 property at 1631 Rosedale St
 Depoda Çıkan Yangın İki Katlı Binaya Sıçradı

* * *

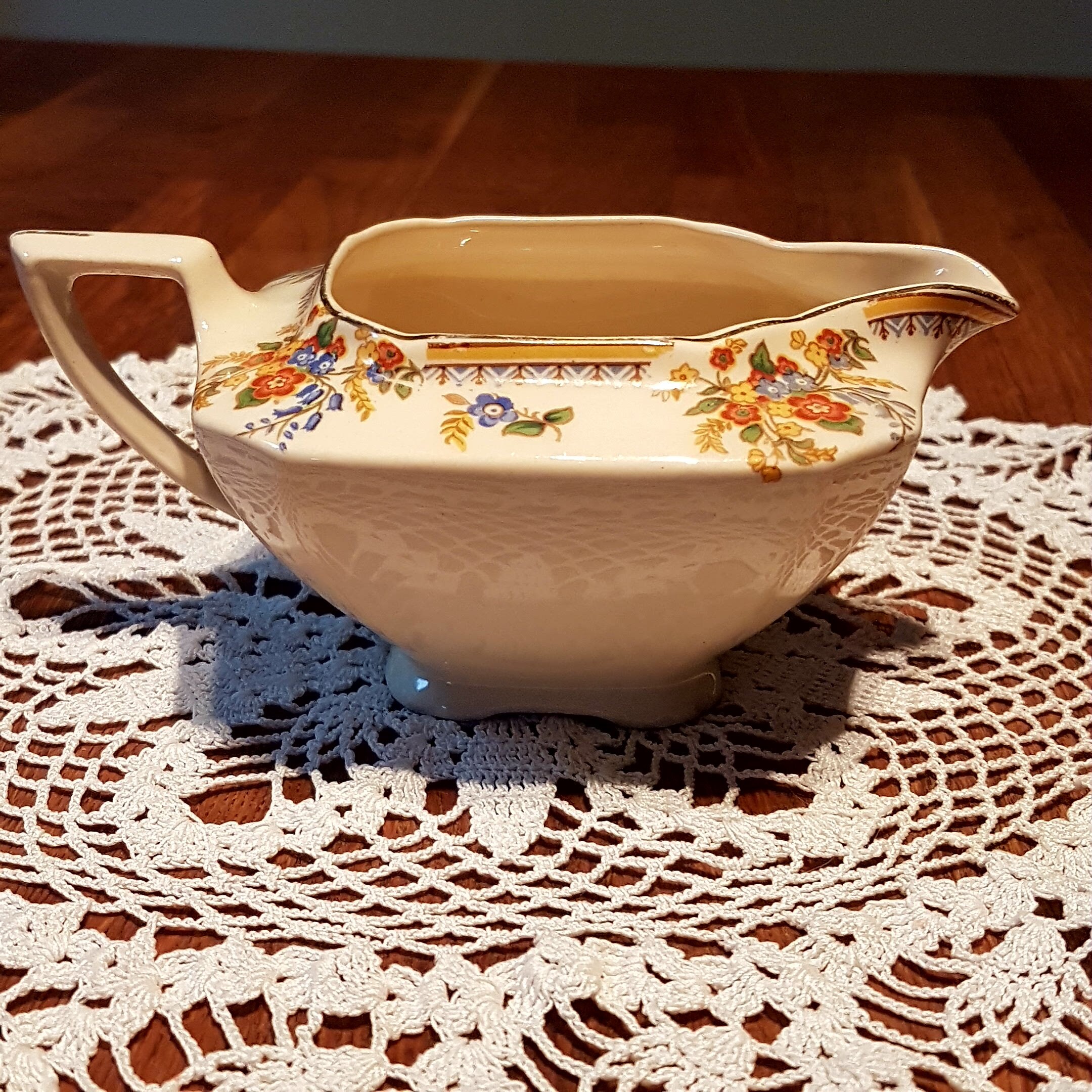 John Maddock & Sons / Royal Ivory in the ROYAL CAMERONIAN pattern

Action item: Of all the entries above, repeat only the lines from the line that has "property at 1631 Rosedale St" to the line that has "Depoda Çıkan Yangın İki Katlı Binaya Sıçradı", both lines included, exactly.

Worked solution:
 property at 1631 Rosedale St
 Depoda Çıkan Yangın İki Katlı Binaya Sıçradı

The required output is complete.